May 2, 2011 / 7:55 AM / 8 years ago

U.S., China factories slow; Europe, India boom

WASHINGTON/LONDON (Reuters) - Manufacturing growth in the world’s two biggest economies softened in March but firmed in Europe and India, according to reports highlighting the fractured nature of the global economic recovery.

The United States and China both saw a tempering of factory production in April, with the pace of U.S. manufacturing expansion easing for a second straight month.

Still, U.S. activity remained firm and input prices rose to their highest in nearly three years, according to data from the Institute for Supply Management released on Monday.

ISM said its factory index fell to 60.4 in April from 61.2 the previous month, slightly above forecasts for a reading of 60. It has held above the 50-threshold that separates growth from contraction since August 2009 and peaked in February 2011.

Despite the decline, analysts were reassured there was not greater spillover into U.S. industry from Japan’s earthquake.

“We have had hits domestically from production and supply constraints from the Japanese disruptions and we are still over 60 on the manufacturing index so it is a very good report given the developments over the last six weeks,” said Kurt Karl, chief U.S. economist at Swiss Re in New York.

The contrast with Europe, where factories continued to hum, suggested a divergent monetary policy outlook will continue, with overseas central banks expected to continue to stay ahead of the U.S. Federal Reserve in hiking borrowing costs. The ECB raised rates in April for the first time since mid-2008, ramping up pressure on the U.S. dollar as investors opted to put their money on higher-yielding currencies.

The ISM’s U.S. measure of prices paid rose to 85.5 from 85, the highest since July 2008. Federal Reserve policymakers have argued that price pressures facing U.S. consumers remain tame.

Financial markets had a positive initial reaction to the ISM numbers, but then returned to worrying about the nation’s overall growth prospects, which appear to have slowed in recent weeks. The S&P 500 was struggling to hold in positive territory, while the dollar was trading near a three-year low.

China’s official purchasing managers’ index dipped to 52.9 in April from 53.4 in March, well shy of market forecasts for an increase to 54.0.

The data sent worrying signals on the global economy, which has grown reliant on Chinese demand as a source of growth with the United States, Europe and Japan struggling to recover from the financial crisis.

With inflation running at its fastest in nearly three years, China has taken a series of policy actions to rein in prices, raising interest rates and banks’ required reserves multiple times, ordering banks to lend less and speeding up the pace of currency appreciation.

GERMAN BOOST

The Markit Eurozone Manufacturing Purchasing Managers’ Index, which records manufacturing activity across all the major euro area economies, rose to 58.0 last month from March’s 57.5. The index hit a near-11-year high of 59.0 in February.

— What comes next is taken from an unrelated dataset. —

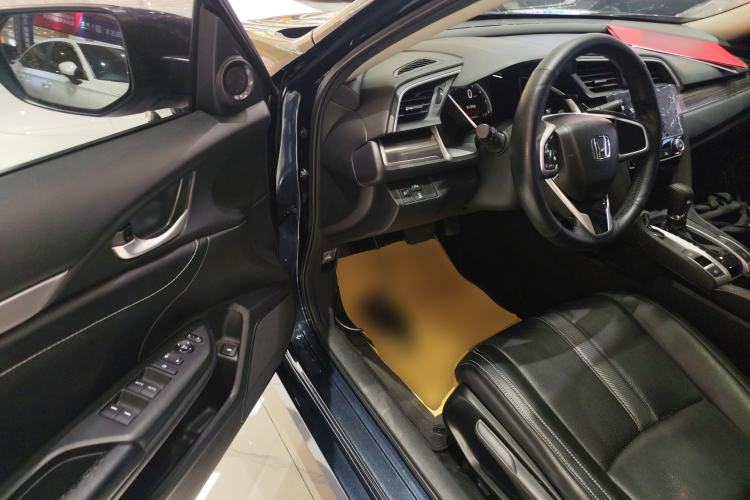 Used Honda Civic 2019 220TURBO CVT Dynamic Edition China VI Driver Seat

Frustratingly for policymakers, the bounce was once again driven by Germany, Europe’s largest economy, and France, whose growth overshadowed a continued slide to stagnation in Spain and persistent contraction in Greece.

“Manufacturing activity was once again robust in April in the core northern euro zone economies, led by Germany. Elsewhere the situation was not so bright,” said Howard Archer at IHS Global Insight.

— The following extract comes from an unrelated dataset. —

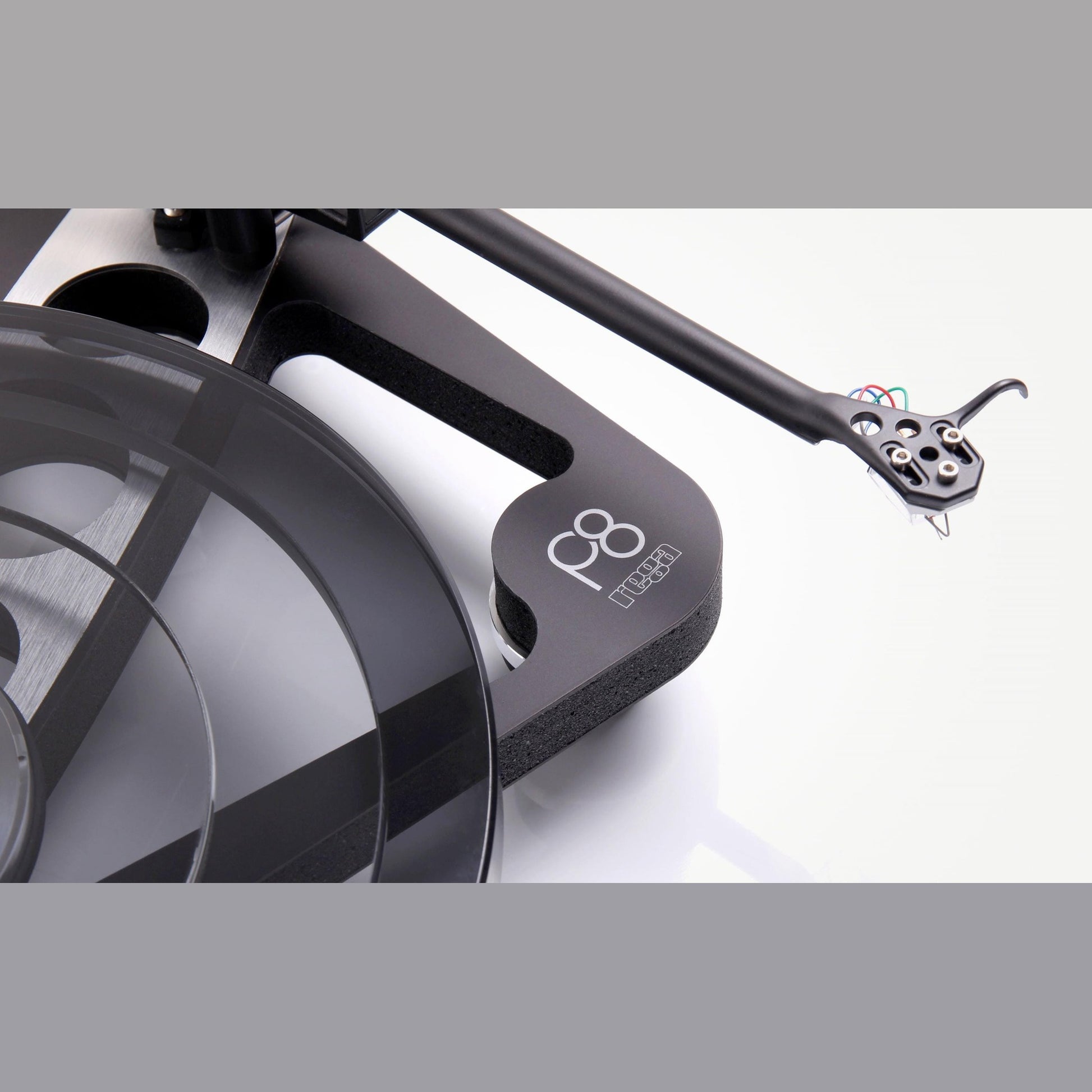 Rega Planar 8 SE 3 Swiss Edition Plattenspieler, Detailansicht Armbrett mit P8-Logo und Tonabnehmer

Separate figures showed India’s factories expanded in April for the 25th consecutive month and at their strongest pace since November, with the PMI rising to 58.0 from 57.9 in March, well above the 50 mark that divides growth from expansion.

Data on Sunday showed China’s official PMI fell to 52.9 in April from 53.4 in March, falling short of market forecasts for a rise to 54 as growth in new orders weakened to an eight-month low.

“Overall, the PMI shows there is still a possibility that the Chinese economy may slow down, especially as falling demand growth leads to adjustments in inventories, increasing the possibility of slowing economic growth,” said Zhang Liqun, a government researcher.

South Korea’s HSBC Markit manufacturing PMI fell to its lowest level since November last year at 51.69 in April, from 52.84 in March.

PRICE PRESSURES

The increase in output is coming at a cost. The euro zone PMI output price index stayed high at 61.0, down only slightly from March’s survey peak of 61.5, which was revised up from a flash reading of 60.7.

Official flash data released on Friday showed consumer prices in the bloc rose 2.8 percent in April, up from March’s 2.7 percent and above expectations for an unchanged reading.

The figures will bolster those policymakers at the European Central Bank who believe the strong recovery in Europe’s core economies calls for more monetary tightening before price rises become entrenched, even while weaker euro zone states remain engulfed in the debt crisis.

The ECB was the first of the world’s big four central banks to raise rates when it upped them by 25 basis points from a record low of 1.0 percent earlier this month. It is not seen making its next tightening move until July.

“By showing ongoing robust euro zone manufacturing activity and rising price pressures, the purchasing managers’ survey reinforces belief that the ECB will pull the interest rate trigger sooner rather than later,” Archer said.

The Fed, in contrast, has held to its policy of completing $600 billion in bond purchases by June, the latest in an array of attempts to revive growth in the world’s largest economy.